Although medium and heavy-duty trucks and buses account for just 4 percent of the traffic on U.S. Highways, they consume a disproportionate 22 percent of our transportation fuel and produce20 percent of all vehicle-based carbon emissions. Well, that’s about to change. New government regulations are requiring big rigs to clean up their act. Up to a 20 percent reduction in greenhouse gas emissions and a corresponding gain in fuel economy by model year 2018.
New heavy duty pickups and vans must improve by 15 percent, and so-called vocational vehicles: delivery trucks, buses and refuse vehicles, will have 10 percent targets for improvement. Those goals can mostly be achieved with systematic use of off-the shelf technology such as idle reduction, aerodynamics, tires, and engine control systems. But the phenomenal rise of efficient hybrid and electric passenger cars in recent years has more and more truck fleets looking to plug in to that successful formula right now.
JOHN BOESEL: And what we’re seeing is a tremendous segmentation of the truck market.
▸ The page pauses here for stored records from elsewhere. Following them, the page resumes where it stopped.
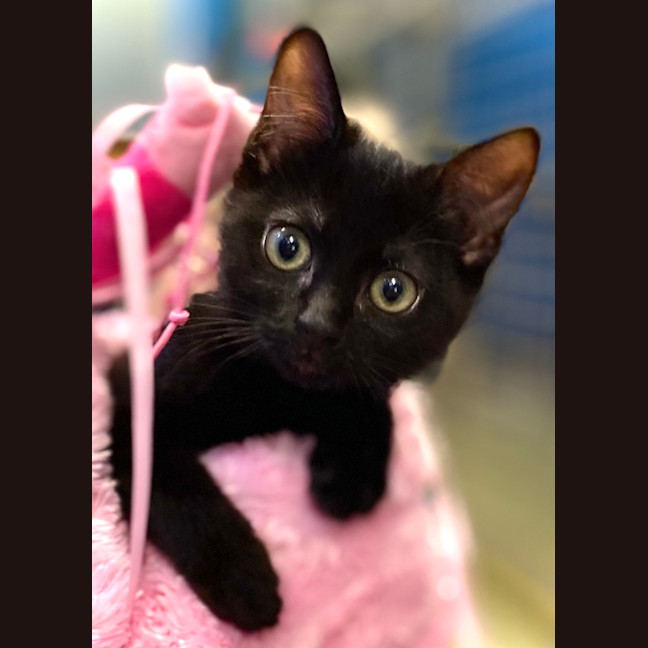 Photo of Patsy (Collar)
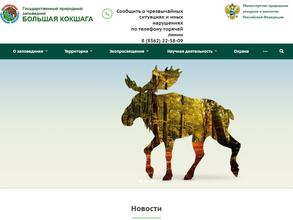 Большая Кокшага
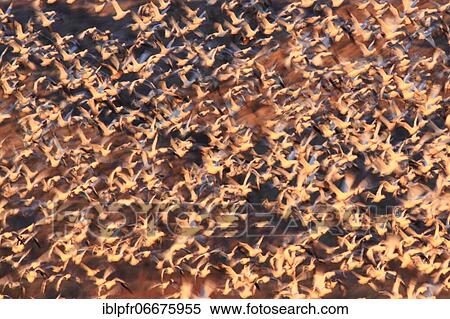 Stock Photography - Snow goose (Anser caerulescens), Snow goose, mass in flight, many flying, wintering grounds, Bosque del Apache National Wildlife Refuge, New Mexico, USA, North America. Fotosearch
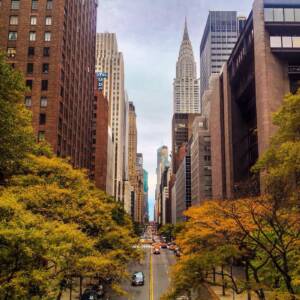 Retail Insider NYC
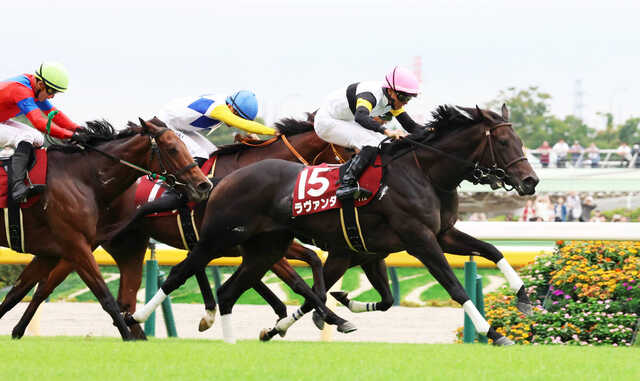 【第1回アイルランドT】ラヴァンダが初代女王! 岩田望来騎手は今年重賞5勝目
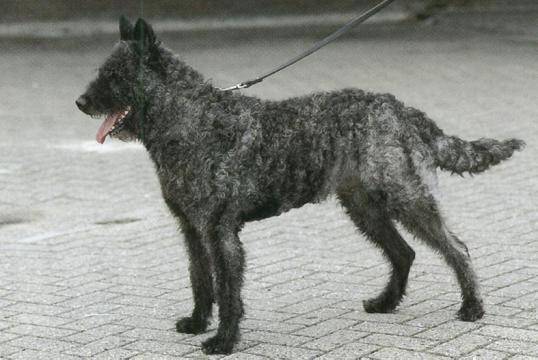 Hollandse Herdershond, ruwhaar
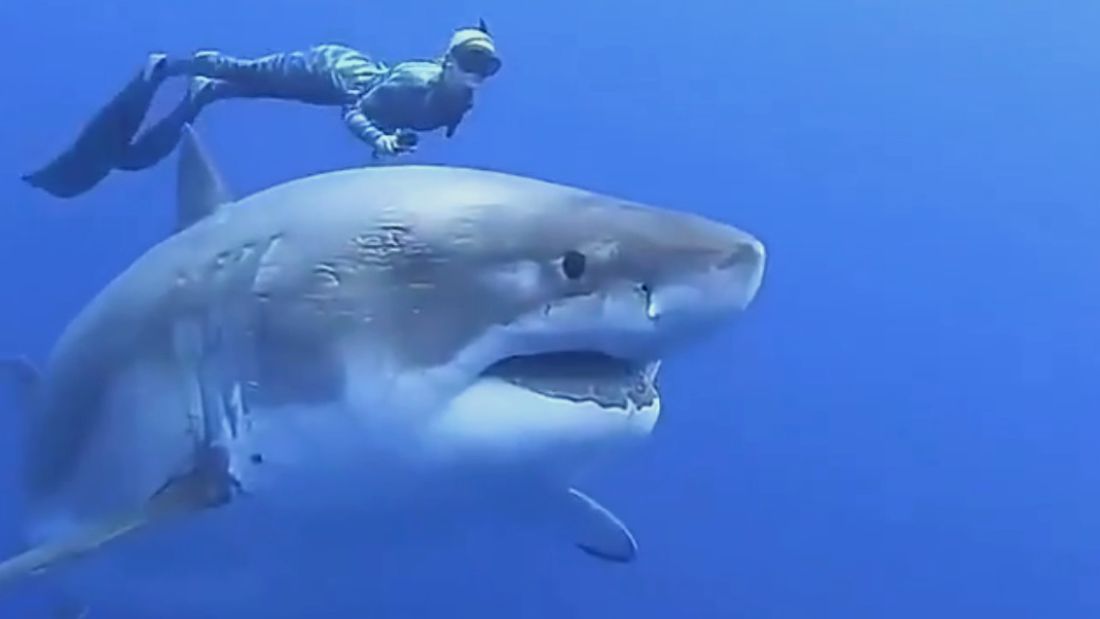 Óriási cápát vettek videóra Hawaii partjainál
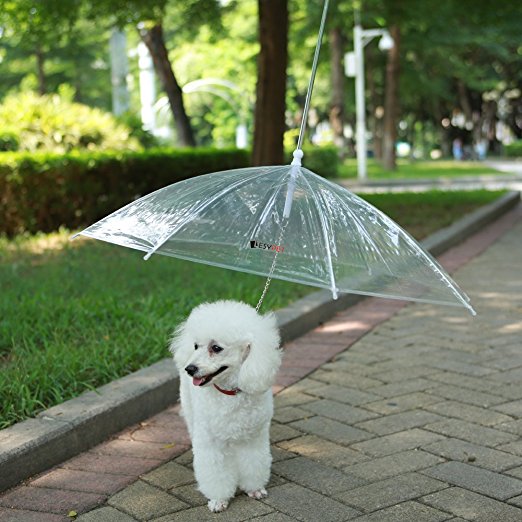 Dog Umbrella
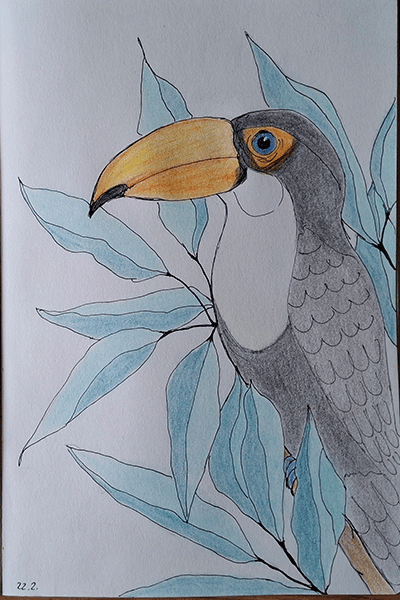 Aus meinem Sketch-Book - Tukan gezeichnet mit Fineliner und Buntstift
In the smaller, light-duty lighter trucks like UPS and FedEx, I think there’s a growing interest in electric trucks and then in the heavier trucks you’re seeing more interest in hybrid. So, Coca-Cola has now more than 700 hybrid trucks on the road, and they carry a lot of weight, a lot of beverage, and they’re finding that the hybrid technology really works well and there’s a good payoff for that technology.
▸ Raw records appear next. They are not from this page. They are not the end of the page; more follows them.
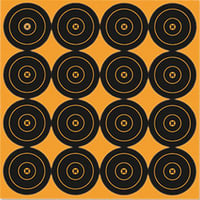 Birchwood Casey 36348 Big Burst Revealing Target Self-Adhesive Paper Black/Orange 3" Bullseye 48 Targets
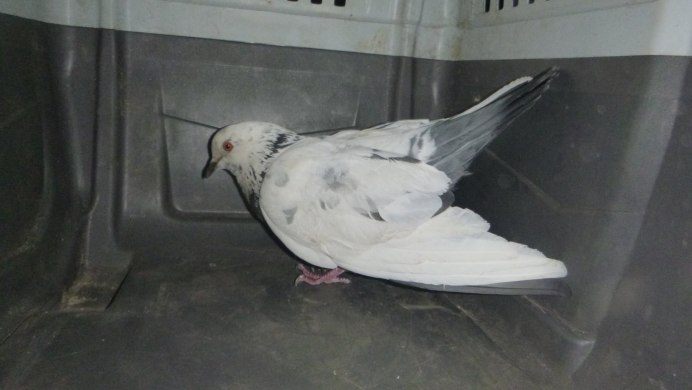 Голубь повесился на пакете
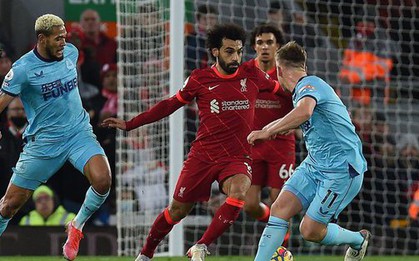 Nhận định, soi kèo, dự đoán Newcastle vs Liverpool, vòng 35 Ngoại hạng Anh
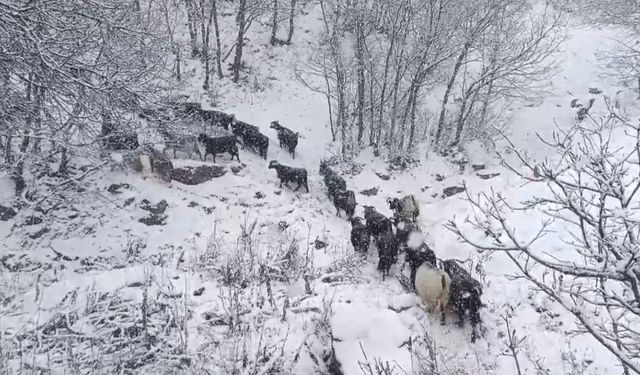 Yüksek rakımlı köylerde kar etkili oldu
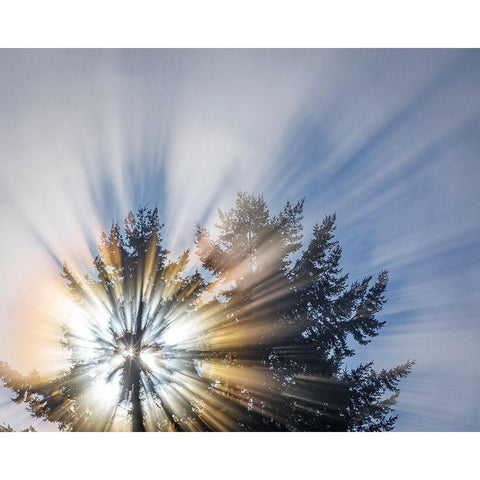 Washington State-Seabeck Morning sunburst in tree Black Modern Wood Framed Art Print by Jaynes Gallery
JOHN DAVIS: Most heavy hybrids now are diesel powered, but it’s important to know that hybrid technology is fuel-neutral and many cleaner variants are available: delivery trucks are subjected to a rigorous daily regimen of stops and starts, long periods of waiting, and varying load conditions, making them ideal candidates for the use of quiet, high-torque electric motors. UPS has one of the largest private clean fleets in the world. Their 2200 alternative-fueled vehicles have traveled more than 200 million miles in the past decade. Most recently, UPS has ordered 100 EVI all-electric delivery trucks for short-range urban routes in California. The trucks have a 90-mile operating range and will displace 126,000 gallons of diesel per year.
The Lee’s Summit school R-7 district in Missouri is hoping their small town can make a big difference with these Smith all-electric delivery trucks.
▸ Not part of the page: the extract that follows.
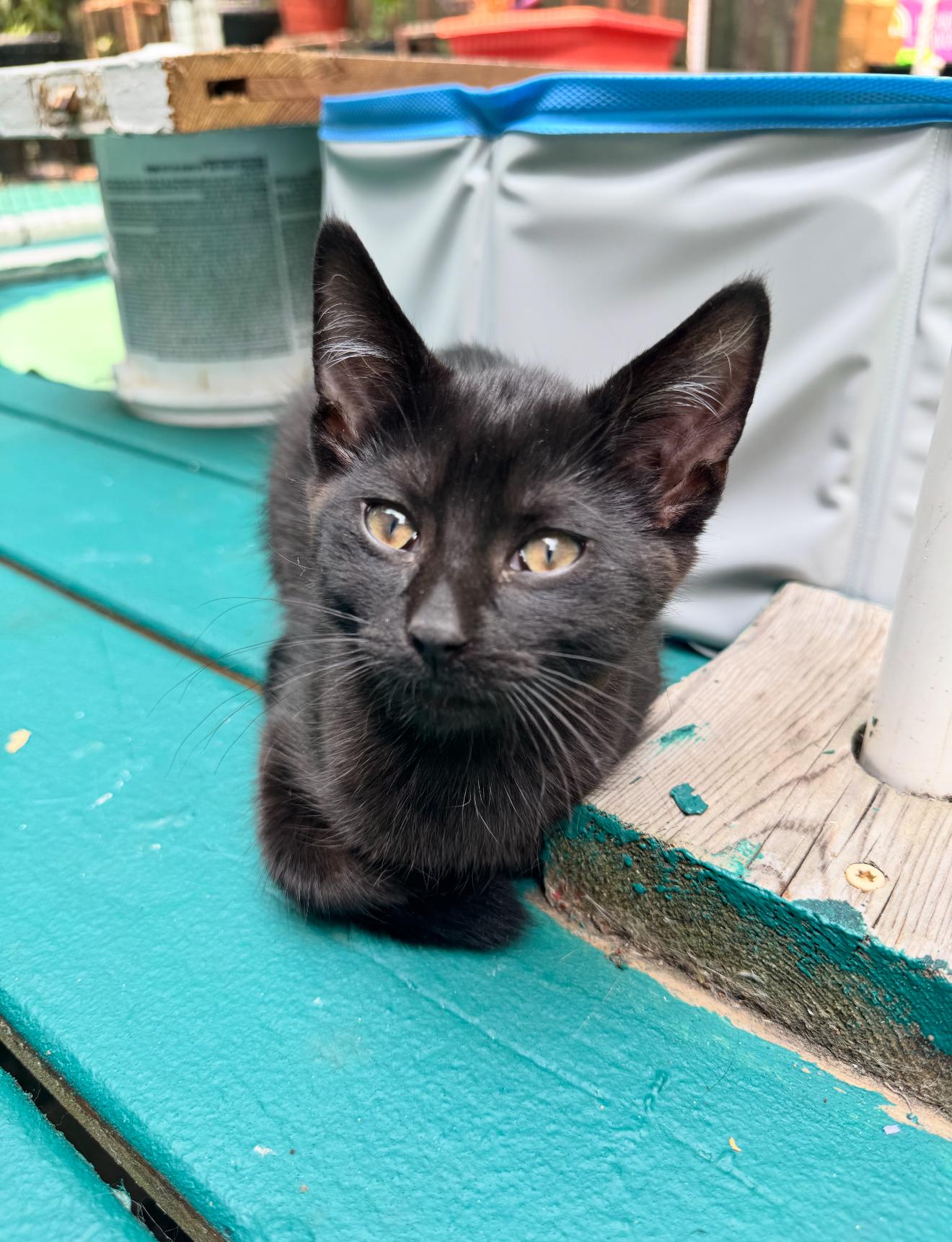 David Rose, a Adoptable Domestic Short Hair in Grand Haven, MI image 5/5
RON COX: One of the things we want to do is be a moving billboard in around these school zones for these kids, for our teachers, for our community. They look at it and see this is an alternative fuel project: it’s cleaner, it’s greener, it’s safer, and it’s the way we need to go. And so, we’re proud of that and we want to advertise that for public information.
JOHN DAVIS: Likewise, there is promise in applying hybrid drive to the 75,000 or so refuse trucks that roam our nation’s neighborhoods every morning. Hundreds of cities from San Francisco to New York are investing in hybrid transit and school buses. This Wisconsin school district has a fleet of plug-in diesel hybrid buses but uses solar power to recharge them.
Denver’s RTD downtown shuttle fleet is made up of 36 hybrid buses that they have converted from diesel to compressed natural gas. This is seen by many as the best evolution of heavy hybrid fleets. The potential of hybrid and electric vehicles for commercial use is sky high. But, the reality is that new technology always costs more to implement than sticking with the tried and true. In some states, there are local grants and incentives available to offset this premium, but rising fuel costs and other factors are quickly making the electric switch a more viable option, even at face value.
The deployment of more efficientcleaner technologies for medium and heavy duty trucks can also help America’s industrial sector. Domestic companies are leading the way in developing heavy-duty hybrid and electric platforms, idle reduction and other technologies that will soon be in demand worldwide. Lessons learned now will pay big dividends later, and form the bridge to a cleaner, secure keep on truckin’ future.